Costs, costs, costs

Costs Overview

  • The concept of costs is central to production.

  • Understanding costs is vital for effective decision-making in businesses.

Cost Calculation

  • Inputs for Production:

    1. Identify combination of inputs needed for a specific output level at minimum cost.

    2. Consider desired production level to assess production costs at varying outputs.

Accountants vs Economists in Cost Analysis

  • Differences in Perspective:

    • Accountants focus on creating financial reports for regulatory bodies.

    • Economists aim to calculate costs that facilitate optimal business decisions.

Cost Functions in Production

Definition of Cost Functions

  • When utilizing two inputs (labor, capital), total cost is defined as:

    • C = wl + rk

      • w = wage rate

      • r = rental price of capital (user cost)

      • l = quantity of labor

      • k = quantity of capital

Short-Run vs Long-Run Costs

  • Short-Run Costs:

    • At least one input is fixed; traditional convention sets capital (k) as fixed and labor (l) as variable.

    • Fixed vs Variable Inputs:

      • Fixed factors (input) cannot be changed in the short run.

      • Variable factors can be adjusted.

Short-Run Cost Functions

  • The total short-run cost function is expressed as:

    • C(q) = F + wl(q)

      • F = fixed costs

      • wl(q) = variable costs dependent on output level.

  • Variable Costs:

    • V(q) = C - F = wl(q).

      • Total production costs consist of both fixed and variable costs.

  • Marginal Costs (MC):

    • MC at production level q represents the additional cost of producing one more unit.

  • Average Total Costs (ATC):

    • ATC at production level q indicates the cost per unit produced at that level.

  • Average Variable Costs (AVC):

    • AVC at production level q indicates the average of variable costs per unit produced.

Behavior of Costs

  • At zero output (q=0):

    • Total Cost (C) equals Fixed Costs (F).

    • Average Cost (AC) = ∞ and AVC = MC.

  • Relationship of MC and AVC:

    • If MC < AVC, then AVC is decreasing.

    • If MC > AVC, then AVC is increasing.

    • If MC = AVC, AVC is constant at its minimum.

Long-Run Cost Functions

Characteristics of Long-Run Costs

  • In long run, all inputs (plant size, labor) are variable.

  • Iso-quants and Iso-cost Lines:

    • These concepts help in determining long-run total cost.

  • Long-run total costs are defined by the minimum possible cost at any output level, with all inputs variable.

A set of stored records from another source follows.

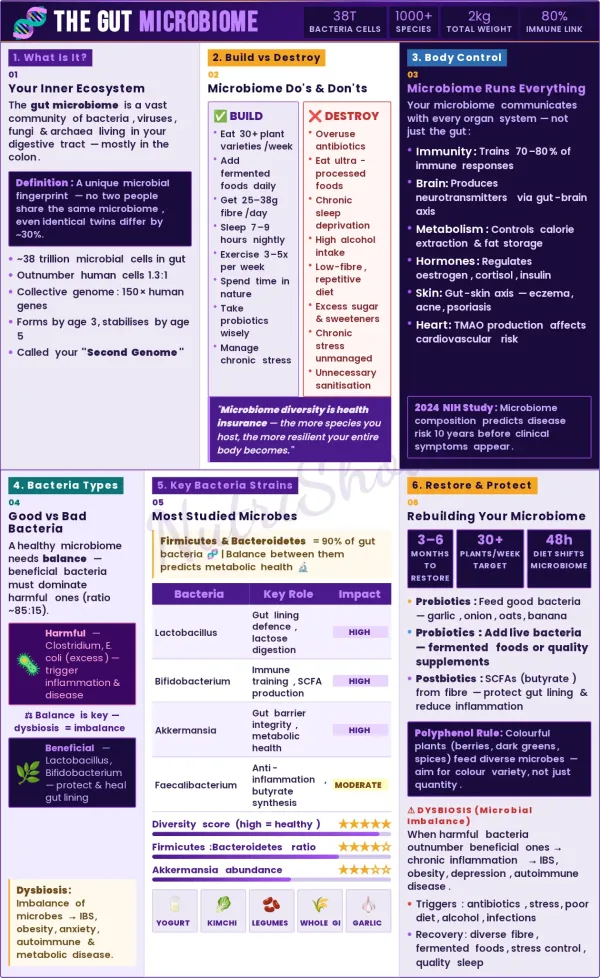 Role of gut microbiome in digestion, immunity, metabolism, and overall health through balanced bacteria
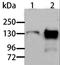 Ro antibody, LS-C404479, Lifespan Biosciences, Western Blot image 
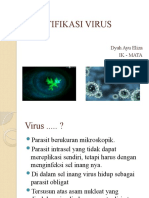 IDENTIFIKASI DAN KLASIFIKASI VIRUS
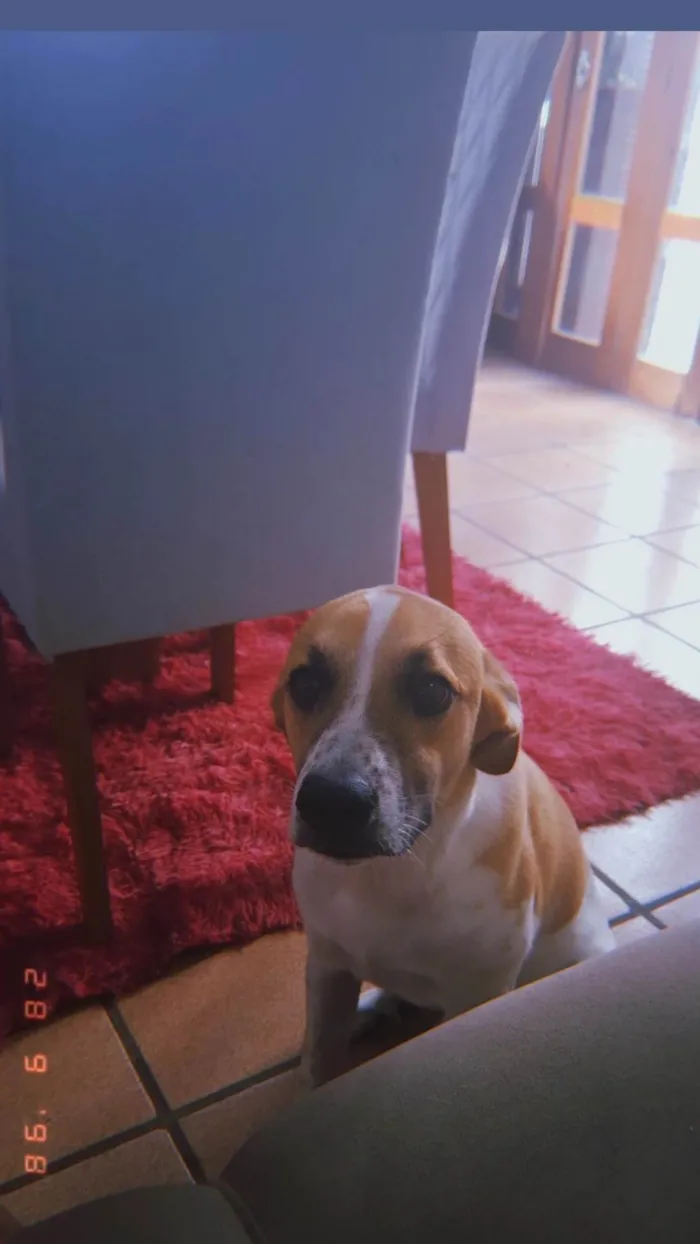 Cachorro ra a SRD-ViraLata idade 7 a 11 meses nome Suzielem 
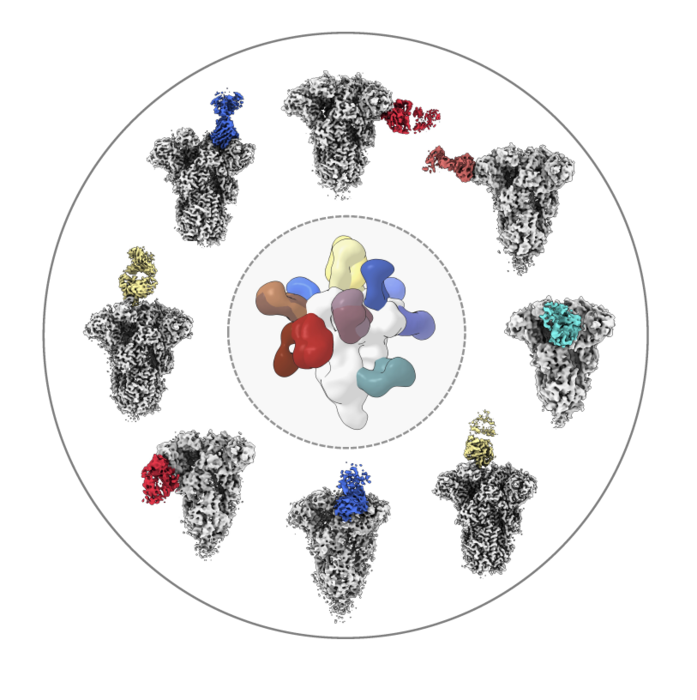 How a COVID-19 infection spurs antibodies against common colds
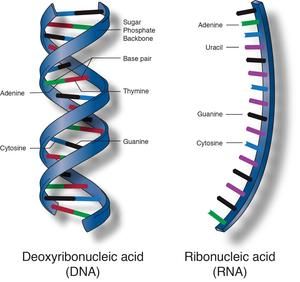 Nucleic Acid Structure, Nucleic Acid, Medical School Essentials, Picture Templates, Protein Synthesis, Diagram Design, Mermaid Coloring, Biochemistry, Biotechnology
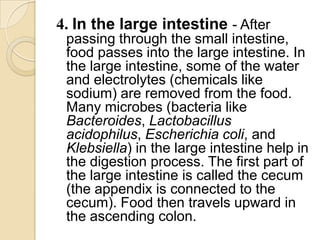 4. In the large intestine - After
 passing through the small intestine,
 food passes into the large intestine. In
 the large intestine, some of the water
 and electrolytes (chemicals like
 sodium) are removed from the food.
 Many microbes (bacteria like
 Bacteroides, Lactobacillus
 acidophilus, Escherichia coli, and
 Klebsiella) in the large intestine help in
 the digestion process. The first part of
 the large intestine is called the cecum
 (the appendix is connected to the
 cecum). Food then travels upward in
 the ascending colon.
 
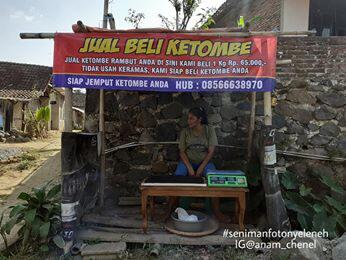 Viral Jual Beli Ketombe Rp 65.000/Kg Di Media Sosial, Berikut Ini Faktanya.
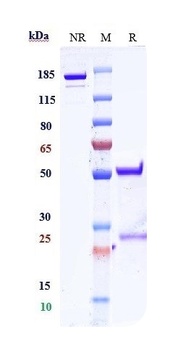 Anti-FOLR1 Reference Antibody 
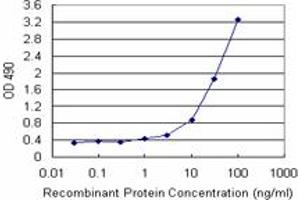 Sandwich ELISA detection sensitivity ranging from 1 ng/mL to 100 ng/mL. (SGTA (Human) Matched Antibody Pair)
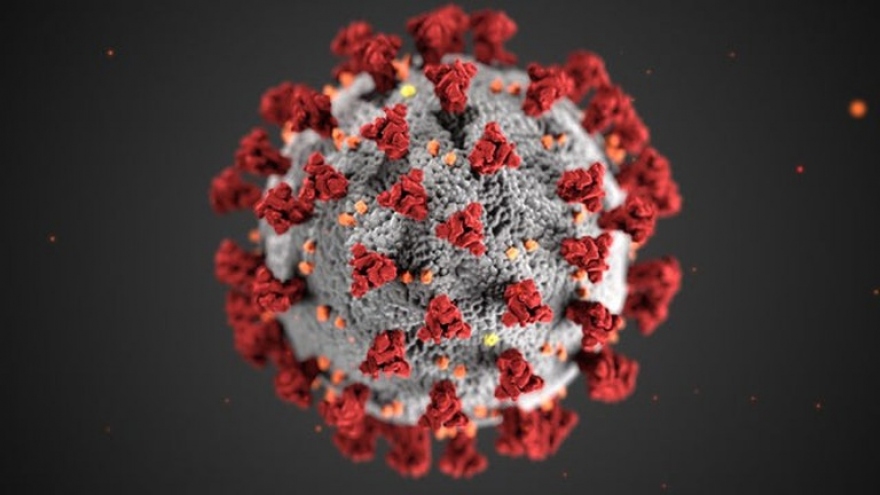 Virus SARS-CoV-2 có 10 biến thể, tăng gấp nhiều lần khả năng lây nhiễm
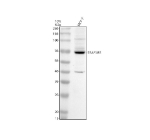Western blot analysis of TRAF3IP2 using anti-TRAF3IP2 antibody. Electrophoresis was performed on a 10% SDS-PAGE gel at 80V (Stacking gel) / 120V (Resolving gel) for 2 hours. Lane 1: human MCF-7 whole cell lysates. After electrophoresis, proteins were transferred to a nitrocellulose membrane at 150 mA for 50-90 minutes. Blocked the membrane with 5% non-fat milk/TBS for 1.5 hour at RT. The membrane was incubated with rabbit anti-TRAF3IP2 antibody at 0.5 ug/ml overnight at 4oC, then washed with TBS-0.1%Tween 3 times with 5 minutes each and probed with a goat anti-rabbit IgG-HRP secondary antibody at a dilution of 1:5000 for 1.5 hour at RT. The signal was developed using an ECL Plus Western Blotting Substrate. The expected molecular weight of TRAF3IP2 is ~65 kDa.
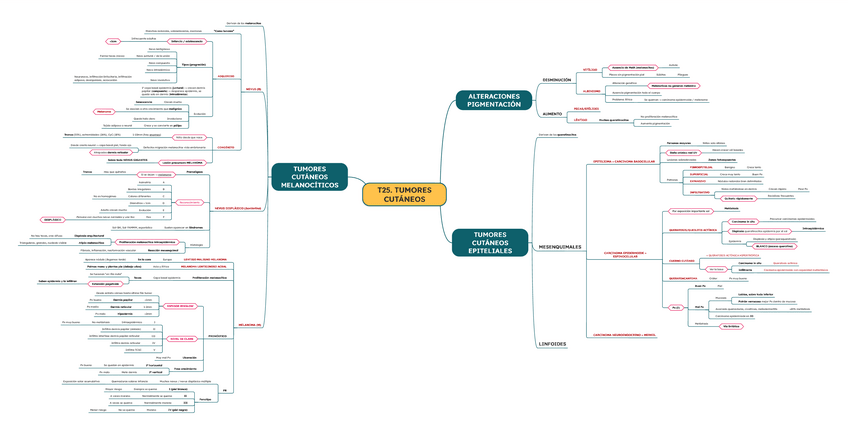 Miniatura del documento T25.-Tumores-cutaneos.pdf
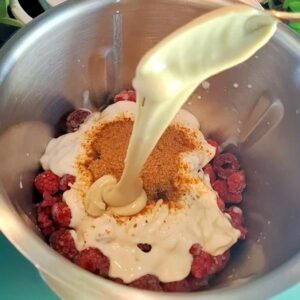 Gesundes Beeren-Eis 15 veganes eis selber machen mit himbeeren und alltagstaugliche proteinreiche vegane rezepte low carb und high protein zum abnehmen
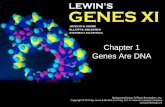 Chapter 1 Genes Are DNA. 1.1 Introduction chromosome – A discrete unit of the genome carrying many genes. –Each chromosome consists of a very long molecule.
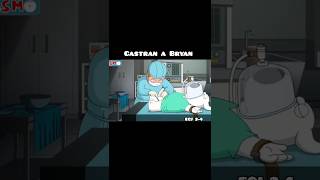 Castran a Bryan 🤣 familyguy stewiegriffin humor shorts shortsfeed shortsviral [upl. by Tayyebeb188]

Visualizing Long-Run Costs

  • Multiple Short-run Total Cost curves (SRTC) can be derived for varying values of k.

  • Long-Run Average Cost (LRAC) is determined from the point of minimum cost along the SRTC.

Conclusion

  • Understanding costs in both short and long runs is vital for sound economic decision-making in production.

  • The interplay between fixed and variable costs necessitates careful analysis for effective production strategies.